Rather than return to her home country, she decided to combine her tourism experience with her love of photography.
So, taking its name from the Australian expression "running around like a hairy goat", the company was born. "It means you're running around zipping from place to place, as this is what you do on our tours," she explains.
"But it's definitely different from running around like a headless chicken, because there's no panic involved."
Despite the somewhat idiosyncratic title of the brand, Harrison's perambulatory tours of central London are hugely popular, gaining top rankings on travel review websites such as Tripadvisor.com
But she hopes Dubai, with its mix of tourists and residents with plenty of disposable income to hand, is ripe territory for her first foray outside of the UK.
"I need to expand and get bigger than London, and get into markets where people have an interest in photography but are not sure what to do with it," she says.
"My initial expansion plans included other cities in the UK and Europe. But the recession and the Eurozone crisis over there put me off. Over here in the UAE, people do have plenty of cash."
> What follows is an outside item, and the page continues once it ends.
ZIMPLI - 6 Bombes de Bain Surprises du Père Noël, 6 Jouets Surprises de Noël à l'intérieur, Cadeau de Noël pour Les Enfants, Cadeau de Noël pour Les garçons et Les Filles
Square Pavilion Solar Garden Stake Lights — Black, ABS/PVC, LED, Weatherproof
Perhaps because of this wealth, she believes there are numerous people who have purchased top-of-the-range photographic equipment, yet have never learnt how to use it properly.
"A lot of people buy these really expensive cameras with the dream that they're going to become a fantastic photographer, but then they just end up using the auto setting for all their shots," she says.
"They're still letting the camera control them. If you're going to spend all this money, you should really make an effort to learn how to use your camera."
The instruction manuals that come with the cameras, however, are often incomprehensible to the layman. "I gave up reading my camera's manual after about page 10," she jokes.
"Even if you read the manual cover to cover, or reading photography magazines or books, or watch YouTube clips, quite often you're still totally in the dark about your camera.
"But to have somebody standing there ... to guide you, for 95 per cent of people, this is the best way to learn," she believes.
Hence, as we photograph the workers loading and unloading cargo from the dhows harboured in Deira Creek, she talks me through how adjusting aperture and shutter speed can alter our snaps.
And while my Nikon D5100 does not really have the lens to take professional-level pictures, I definitely have a more complete knowledge of how a camera functions.
"Most people's problems with photography is that they let the camera control them. If you use auto, you're only going to get the shot you want about 40 per cent of the time.
"But the camera isn't a mind-reader, it needs to be told what to take. As long as you remember you're in control of your camera and pay attention to the light conditions, you should be able to take some great photos."